Amendments are made to The Drivers and Vehicles Act to authorize the Registrar of Motor Vehicles to disclose certain vehicle licensing records to a legislative security officer.
The Fatality Inquiries Amendment Act (whole act), S.M. 2017, c. 15. In force effective November 1, 2017.
The Fatality Inquiries Act requires the reporting of sudden or unexpected deaths and deaths that occur in specified circumstances. An inquiry must be conducted into all reported deaths. A medical examiner must conduct an investigation into a death if the inquiry raises questions about the manner or cause of death. The chief medical examiner may arrange for a judicial inquest to be held to examine the circumstances of a death and make recommendations to prevent deaths in the future.
Inquiries and investigations
This Act clarifies the roles of investigators and medical examiners; specifies who has responsibility for taking control of a body that is the subject of an inquiry; and authorizes inquiries into deaths of Manitoba residents that occur outside Manitoba.
Amendments in this Act clarify when an inquest into a death is to be held. An inquest must be held if a person died as the result of the use of force by a peace officer. There is a presumption that an inquest is to be held if a person dies while in custody or while residing in specified provincial facilities. However, an inquest is not required in such cases if the death was due to natural causes and was not preventable or if there was no connection between the death and the supervision or care provided to the deceased. The chief medical examiner is not required to arrange for an inquest in specified situations.
The manner in which an inquest is called is updated. The amendments clarify the roles of the judge presiding at an inquest and counsel for the inquest. The ability of the Minister of Justice to call an inquest or have an active role in relation to matters under the Act is removed.
Several provisions are rewritten or reorganized to improve readability. Outdated provisions are repealed. Consequential amendments are made to The Vital Statistics Act.
The Manitoba Court of Appeal recently ruled on the right of a child protection agency to request the personal information associated with a subscriber to an IP address.
Child and Family All Nations Coordinated Response Network (ANCR) was contacted by the Winnipeg Police Service (WPS) in February, 2016 who were in turn, informed by Interpol that a convicted sex offender in the United Kingdom may have had contact with someone they believed to be a child in 2012. ANCR asked Shaw Communications to identify the owner of the IP address. Shaw refused without a court order.

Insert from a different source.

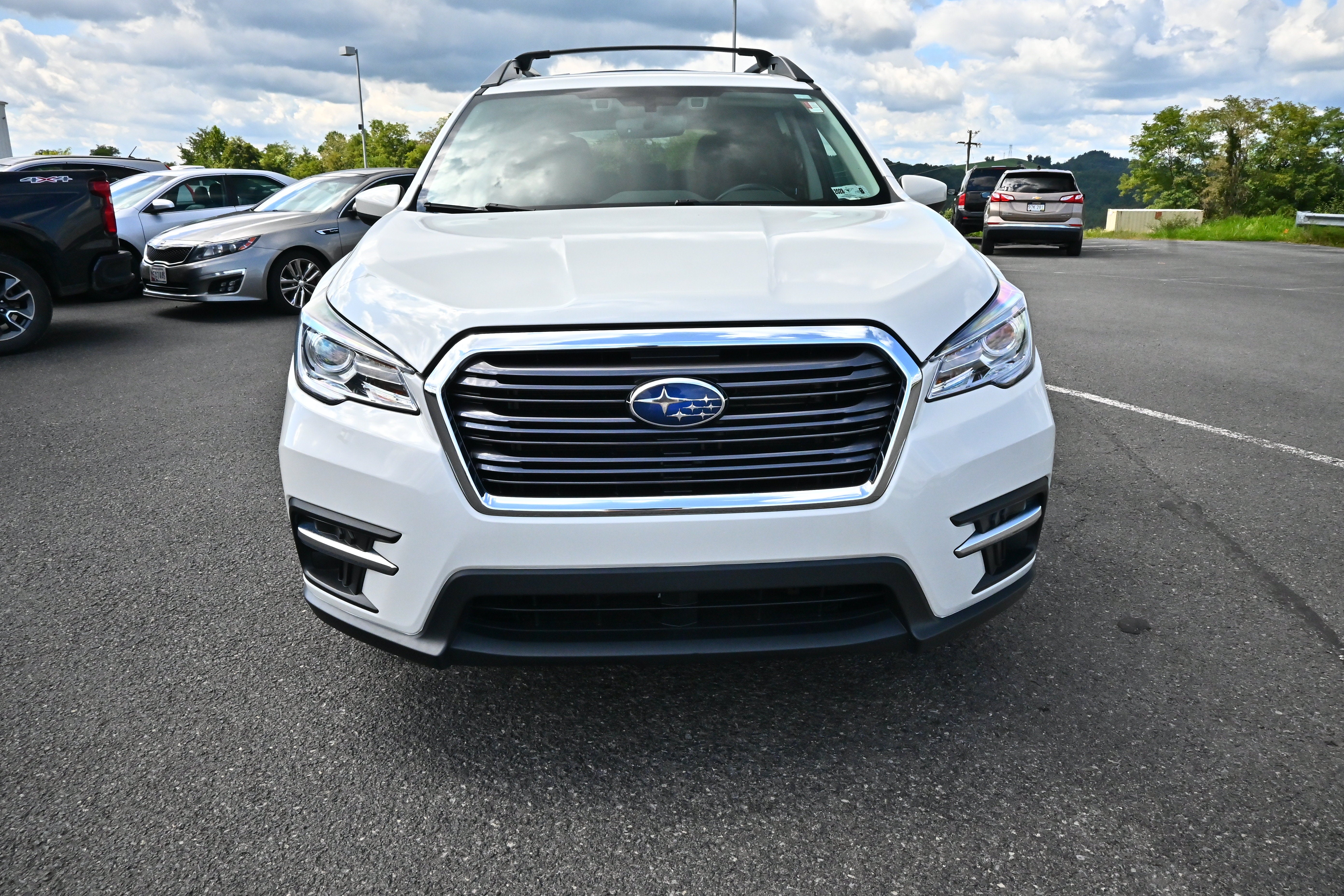 2022 Subaru Ascent Premium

The application was first taken up with a Master, who did not have jurisdiction to hear an application as opposed to a motion, and then it went to a judge, who dismissed it, concluding that she did not have the jurisdiction to make the order either.

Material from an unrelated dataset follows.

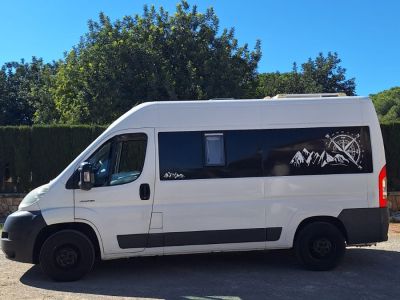 CITROËN JUMPER CAMPER 2.2 HDI 120 HP  VERY WELL EQUIPPED  MALLORCA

This decision is significant for its analysis of the interpretation of a statute.
 ANCR brought its application pursuant to the QB Rules for a determination of rights based upon the interpretation of the CFS Act and regulations. Rule 14.05(2)(c)(iv) of the QB Rules allows for the determination of rights that depend on the interpretation of any document referred to in the rule, in this case, a statute. The rule does not create jurisdiction, but provides a means to determine the nature and extent, if any,
of jurisdiction that already exists.
Steel, J.A. dismissed the application based on the documentation and evidence, while noting that the child protection agency did indeed have the jurisdiction to make such a request. Also of significance are Beard, J.A.’s concurring reasons.